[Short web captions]

________________________

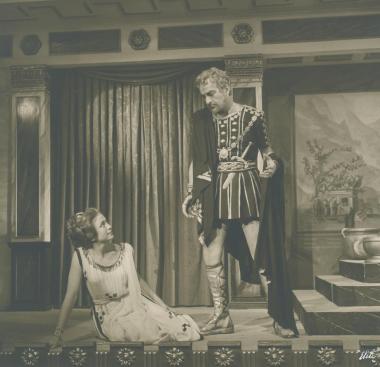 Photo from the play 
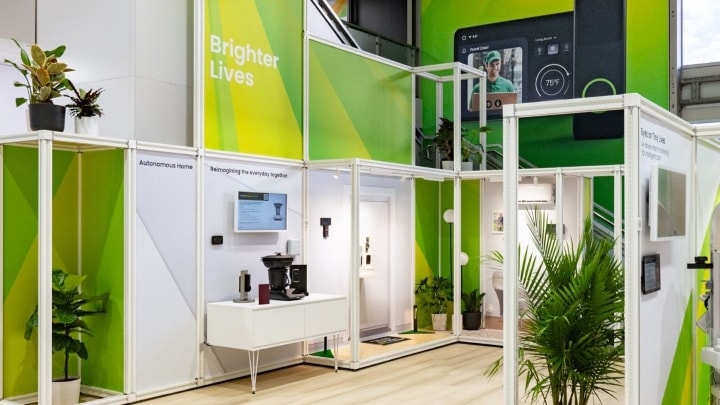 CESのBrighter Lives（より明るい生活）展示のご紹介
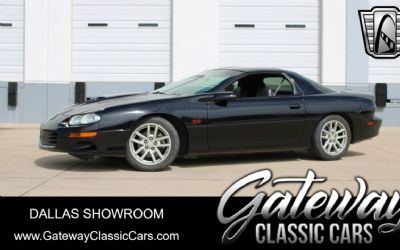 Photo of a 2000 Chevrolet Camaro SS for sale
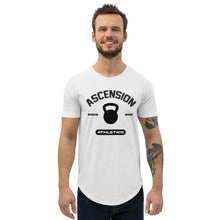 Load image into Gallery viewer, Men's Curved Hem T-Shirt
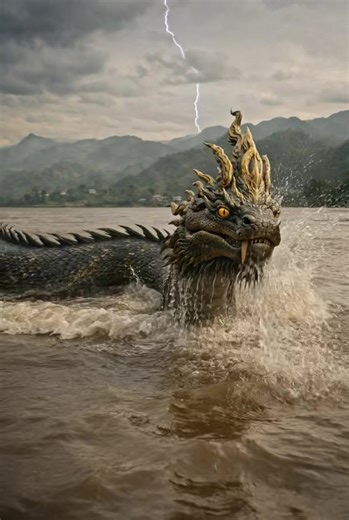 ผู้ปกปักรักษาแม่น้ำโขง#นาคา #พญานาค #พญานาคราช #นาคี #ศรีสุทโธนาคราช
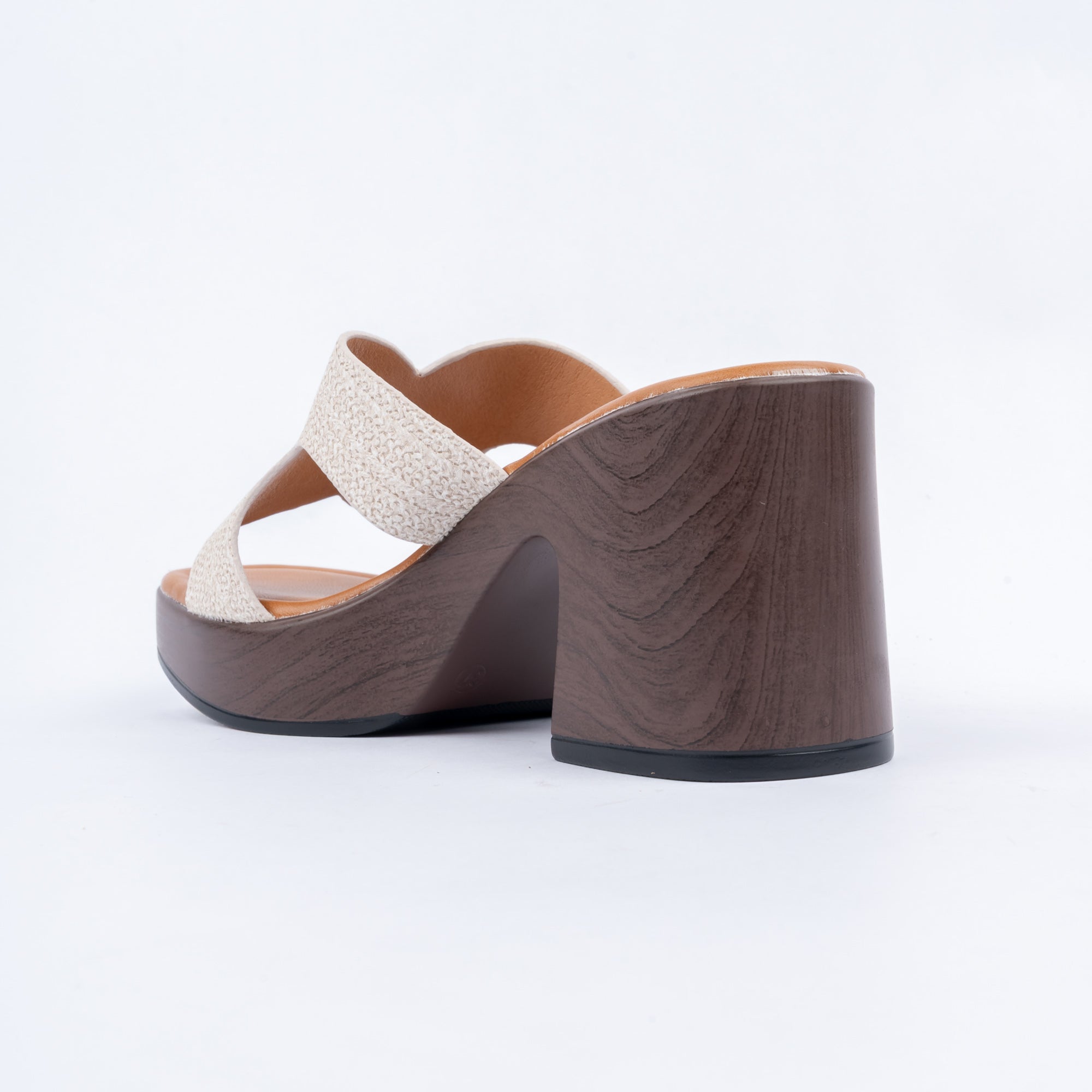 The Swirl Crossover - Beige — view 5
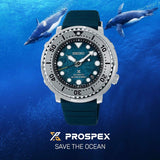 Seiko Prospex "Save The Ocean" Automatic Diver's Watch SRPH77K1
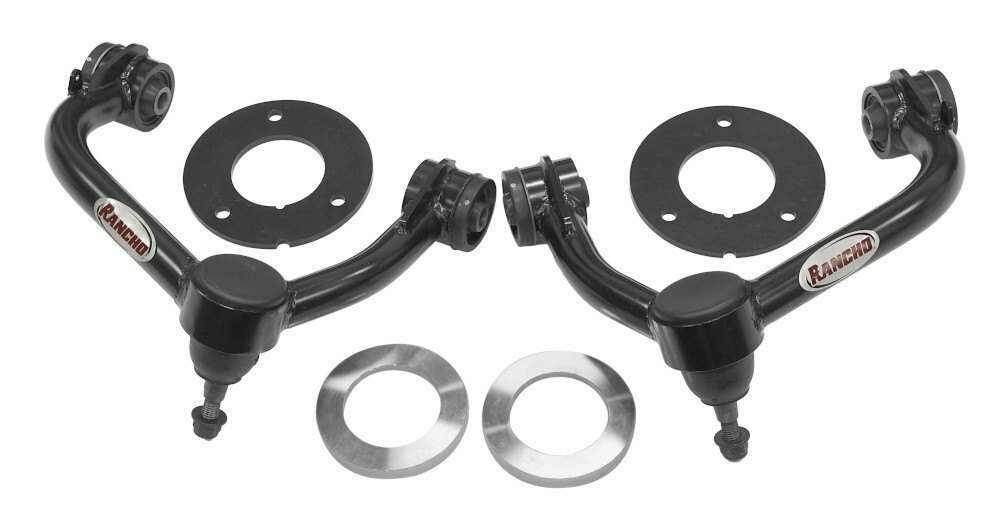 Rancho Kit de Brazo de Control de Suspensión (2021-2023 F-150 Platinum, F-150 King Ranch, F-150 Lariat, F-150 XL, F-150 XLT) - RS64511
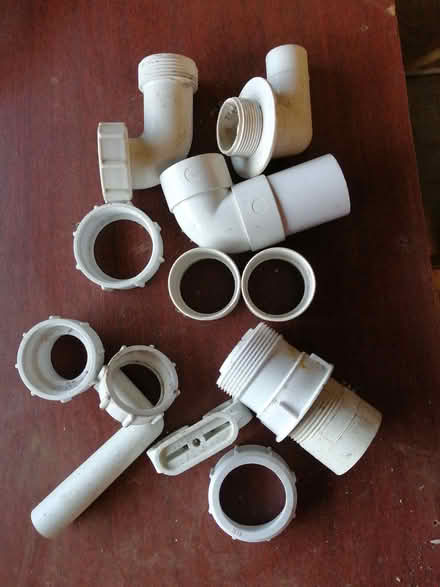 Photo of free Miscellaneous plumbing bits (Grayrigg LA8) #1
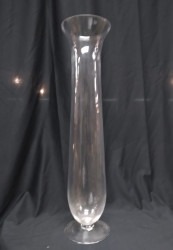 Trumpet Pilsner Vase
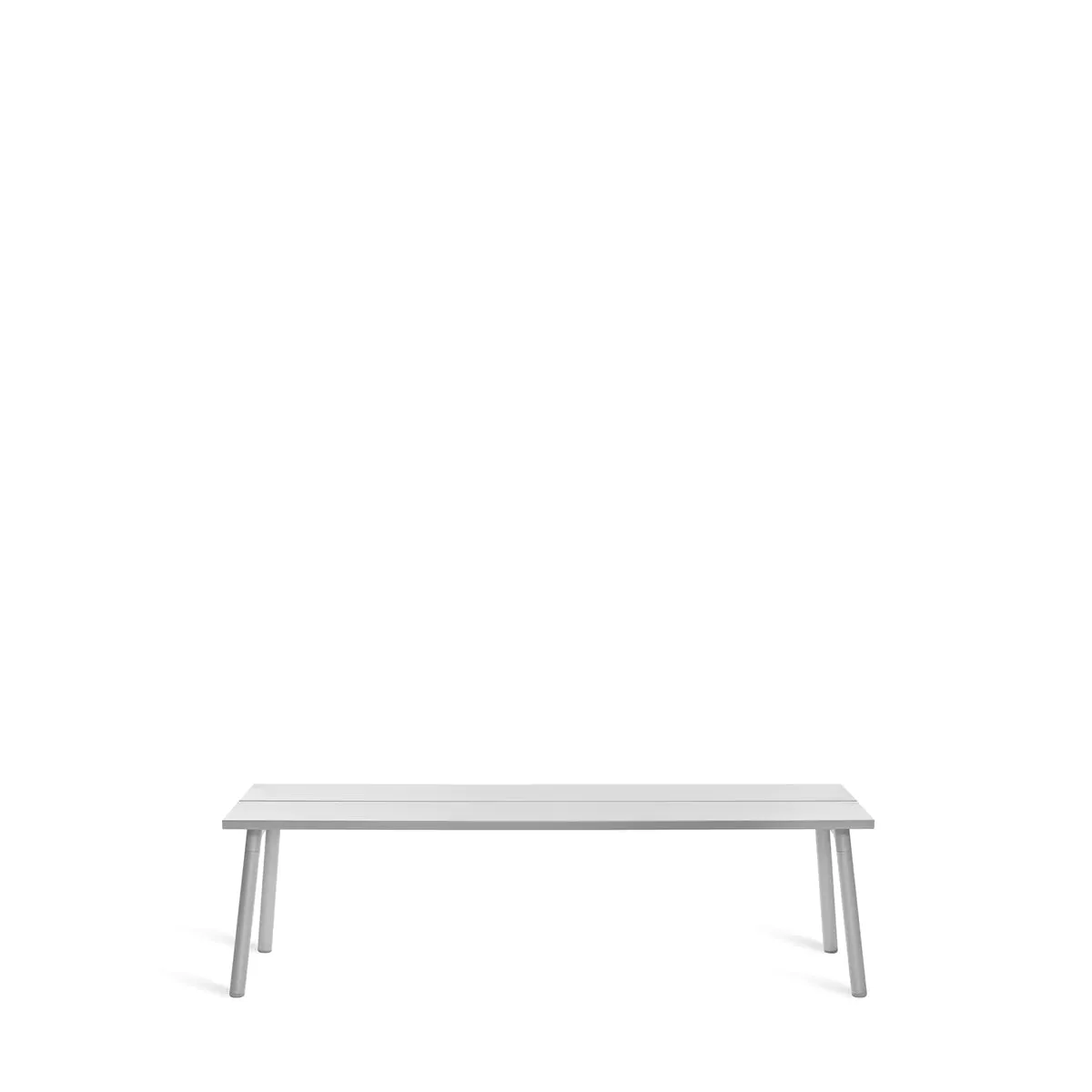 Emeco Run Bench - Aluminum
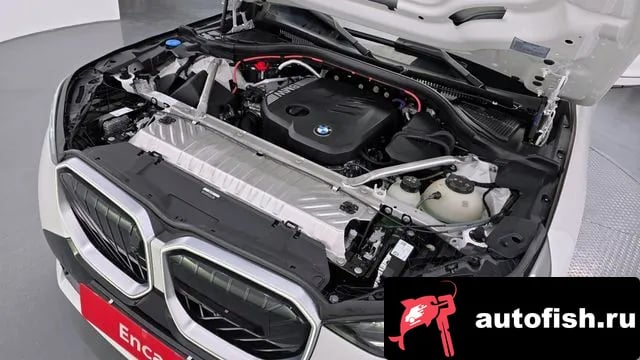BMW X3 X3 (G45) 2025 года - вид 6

________________________

**What to work on:** Beginning with the line that contains "Rancho Kit de", repeat every remaining line of the data exactly, the last line included, and omit pictures.

**Response to this task:**
 Rancho Kit de Brazo de Control de Suspensión (2021-2023 F-150 Platinum, F-150 King Ranch, F-150 Lariat, F-150 XL, F-150 XLT) - RS64511
 Photo of free Miscellaneous plumbing bits (Grayrigg LA8) #1
 Trumpet Pilsner Vase
 Emeco Run Bench - Aluminum
BMW X3 X3 (G45) 2025 года - вид 6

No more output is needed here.